Logos Rising is largely a history of humanity’s discovery of Logos, the Logos incarnate in our Lord Jesus Christ and the ebb and flow of this reality through the centuries. It is divided into two parts with the first titled, ‘The History of Logos’ and the second reversing this with ‘The Logos of History’. In this history Jones focuses mainly on key thinkers from the Ancient Greeks through St. John and St. Augustine and through history to philosophers as diverse as Hegel and Foucault. As one may notice with the latter two, the enemies of Logos are also covered.
While there is certainly a unifying theme, the chapters often feel more like related essays than portions of a unified whole generally found in narrative history. A clear example of this is the first chapter ‘The Beginning of Everything’ which is a general criticism of the “New Atheism” movement’s arguments about God and the origins of the Universe from Richard Dawkins, Daniel Dennett, Sam Harris and Christopher Hitchens. The second chapter focuses largely on the Jewish writer Yuval Harari’s Sapiens: A Brief History of Humankind. It is not until the third chapter where history is discussed without also focusing on contemporary writers and follows a more conventional structure.

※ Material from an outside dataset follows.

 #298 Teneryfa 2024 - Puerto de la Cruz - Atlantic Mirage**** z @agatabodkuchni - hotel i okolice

This structure then remains until the end which focuses on happenings at the once Catholic University of Notre Dame in Indiana.
Perhaps what I most appreciate in the book is that Jones adopts the method of looking at the lives of many of the thinkers he covers — especially those who reject Logos. As an example, Hegel is shown to have had a brief flirtation with Catholicism, motivated in part by a young Catholic woman named Nanette Endel who he was attracted to. This infatuation led to a passing and superficial interest in the church that did not last but which explains his poor understanding of its theology. He later also had an illegitimate child with his chambermaid as a young man which Jones argues also affected his moral outlook. Jones shows how these specific life experiences impacted beliefs and writings. One more example is Harari mentioned above who as a sodomite, wants to try and justify his disordered desires by removing God and his moral law from creation. This would no doubt get dismissed as ad hominem by critics but the lives public figures lead are inseparable from what they do and say. Jones’ discussion of Hegel also briefly jumps back to Martin Luther and the Reformation where Luther’s passions are also demonstrated to be linked with his theology.

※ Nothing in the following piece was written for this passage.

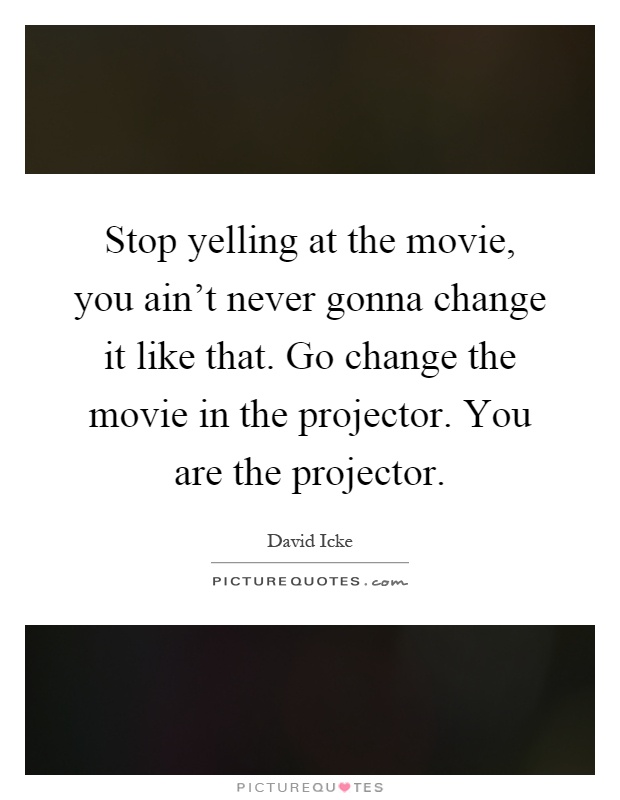 Stop yelling at the movie, you ain't never gonna change it like that. Go change the movie in the projector. You are the projector Picture Quote #1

The above is what I think is perhaps most important as discussion of many upheavals and revolutions throughout history are so often written as if inevitable in the process of history culminating in what we see today. Writing from a Catholic perspective, Jones shows how many of these events in reality derailed the train of human progress — at least with regards to philosophy, religion and man’s ultimate purpose for existing. Yet, as the title indicates, Jones sees the centuries of calamity now coming to an end as Logos rises again.
I don’t share the effusive praise that can be found on the rear of the dust jacket but I do think it is an engaging journey through the history of thought from a Catholic perspective. Were I asked to contribute a quote for a second edition, this is more or less what I would say and so it makes for a neat conclusion.